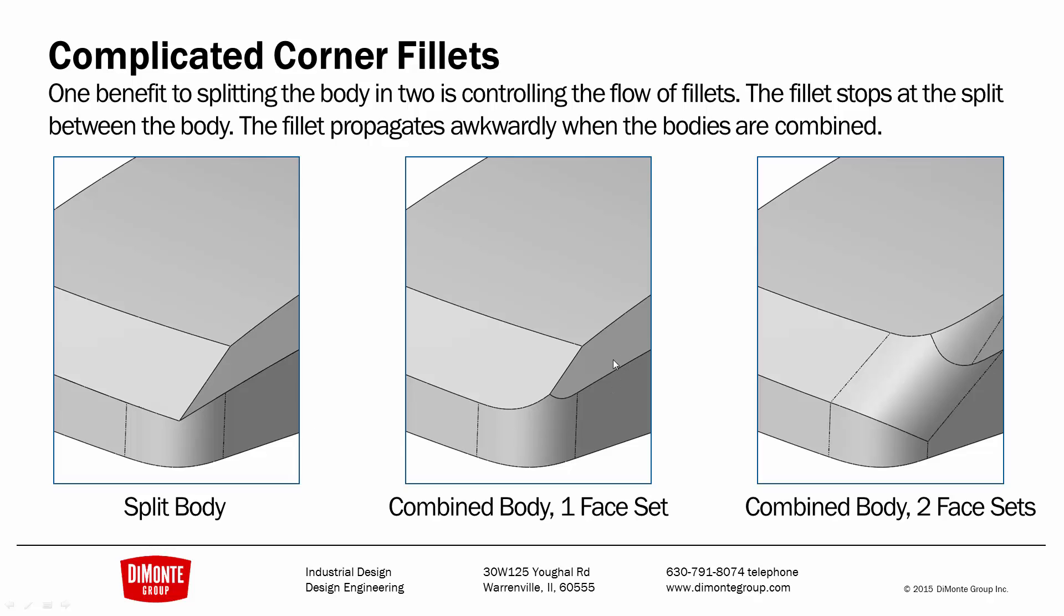If I had put the two bodies back together with the combined tool and I fillet this one edge, I don't have a smooth blend from this edge to this edge. And if I fillet both edges at the same time, I get something like this, which is not what I'm looking for.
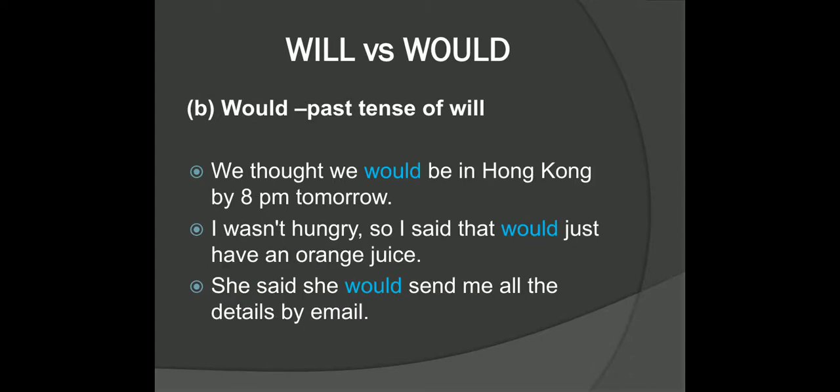Now 'would' is simply the past tense form of will. So imagine that we didn't reach Hong Kong by 8 pm — our flight was late and we reached there at 2 am. We might look back and say, 'We thought we would be in Hong Kong by 8 pm, but that didn't happen.' Here are the sentences we saw with will but changed to the past tense, like: 'She said she would send me all the details by email.'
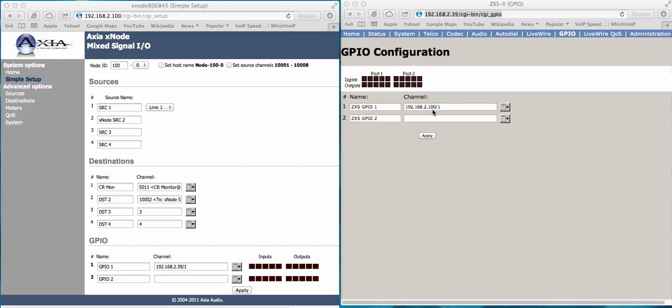I have them port mapped right now, which basically is a virtual snake between port 1 on the Zephyr and port 1 on the GPIO node. So as the Zephyr receives a contact closure from a far site,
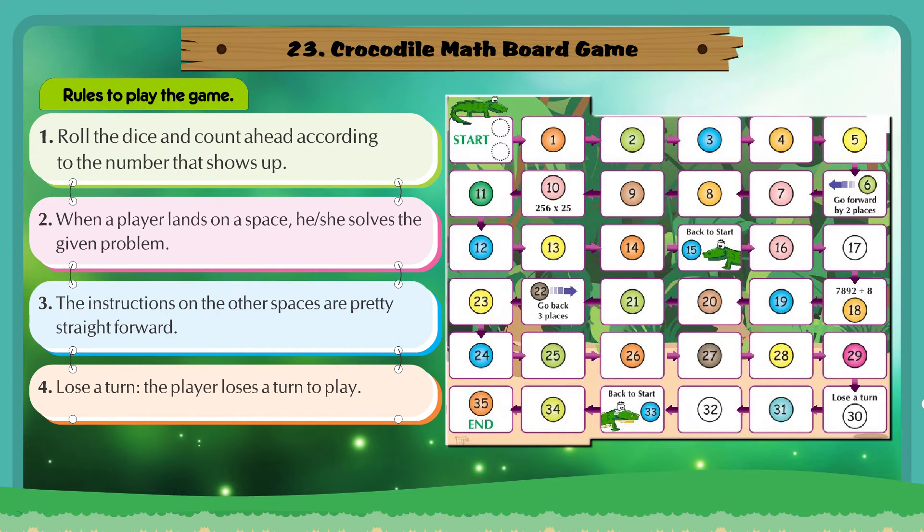Rule 4: Lose a turn. The player loses a turn to play.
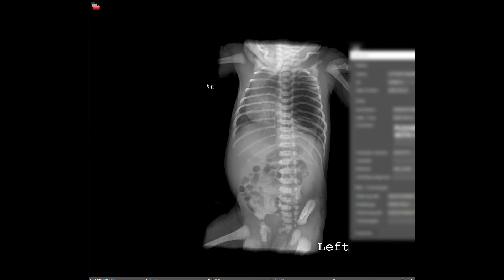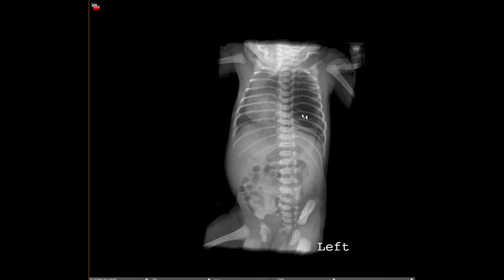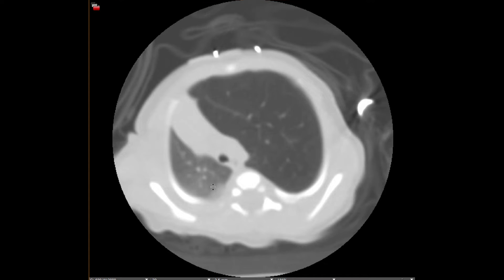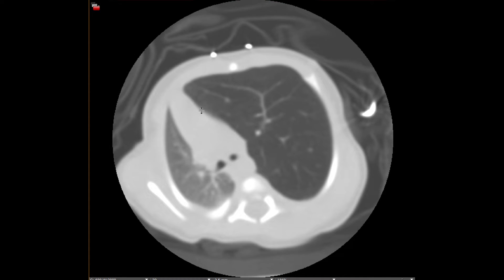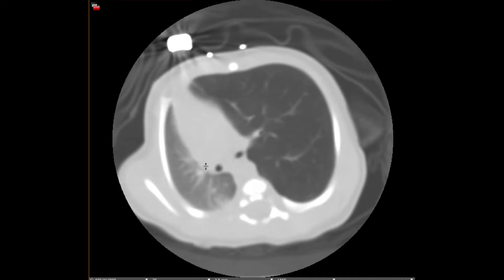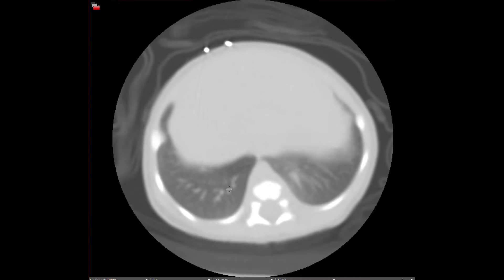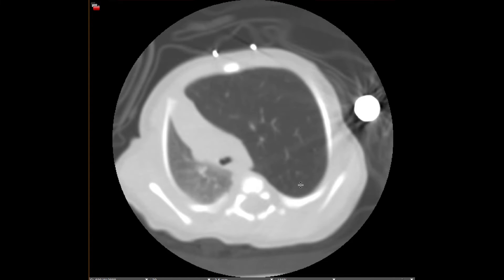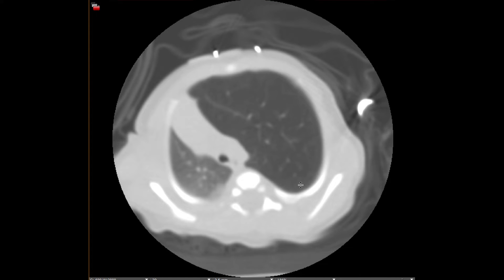Switching to rarer entities — congenital lobar hyperinflation. The left upper lobe is the most common site. On this baby gram you can see that the left upper lobe is hyperinflated, and on CT the left upper lobe is hyperinflated with a paucity of vascular structures and contralateral mediastinal shift while the lower lobes are normal. The left upper lobe is the most common lobe involved, followed by the right middle and upper lobes. The lower lobes are almost never involved, and this is almost exclusively seen in infancy.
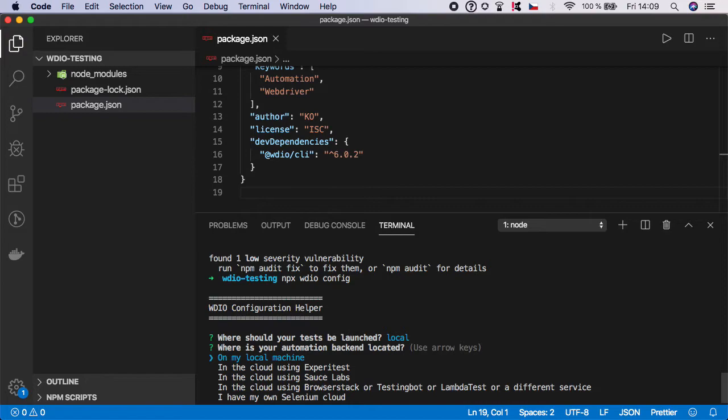Where is your automation backend located? Again in our case it will be on my local machine, so hit enter.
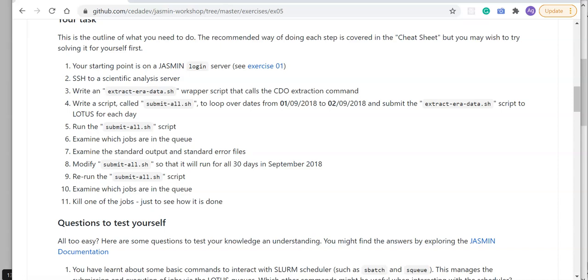Don't worry, we have an example script you could use if you need some pointers. Step four is writing a script called submit_all. submit_all is able to loop over multiple time steps and can call the extract_era_data script that you've written in step three and submit that job to Lotus for each day.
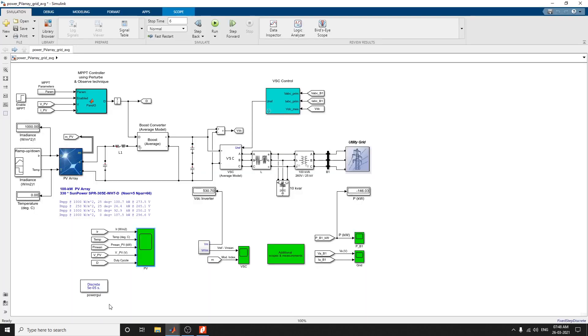This model is an example for the design and simulation of grid-connected PV array using the perturb and observe MPPT algorithms. Thank you.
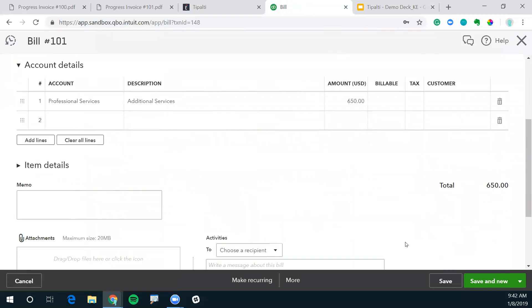That's it for today. I just wanted to show you how invoices can be processed via QuickBooks and within Tipalti QuickBooks integration. Please don't hesitate to reach out if you have any questions at all. Thank you so much.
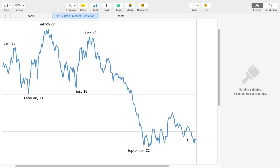And then sort of a sideways market, a little bit of a dead cat bounce, and then finishing fairly close to the lows for the end of 2017.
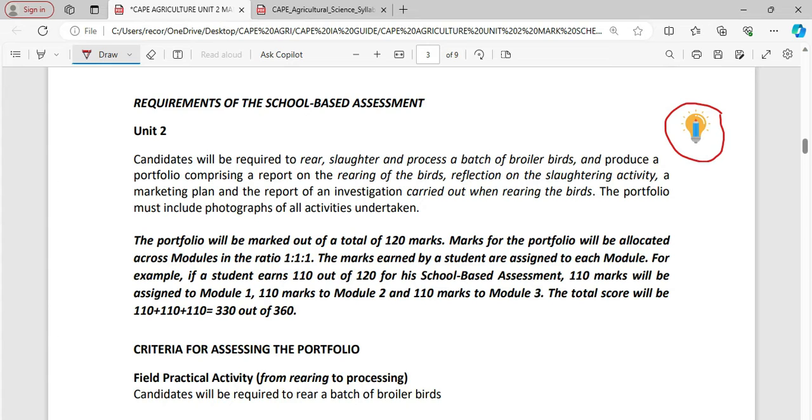Candidates will be required to rear, slaughter, and process a batch of broiler birds and produce a portfolio comprising a report on rearing of the birds, reflection on the slaughtering activity, a market plan, and the report of an investigation carried out when rearing the birds.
------------------------------------------------
Problem description: The line with "Now 'would' is" marks the end: restate word for word every line from the top of the data through that one, omitting pictures.

Your solution:
If I had put the two bodies back together with the combined tool and I fillet this one edge, I don't have a smooth blend from this edge to this edge. And if I fillet both edges at the same time, I get something like this, which is not what I'm looking for.
Now 'would' is simply the past tense form of will. So imagine that we didn't reach Hong Kong by 8 pm — our flight was late and we reached there at 2 am. We might look back and say, 'We thought we would be in Hong Kong by 8 pm, but that didn't happen.' Here are the sentences we saw with will but changed to the past tense, like: 'She said she would send me all the details by email.'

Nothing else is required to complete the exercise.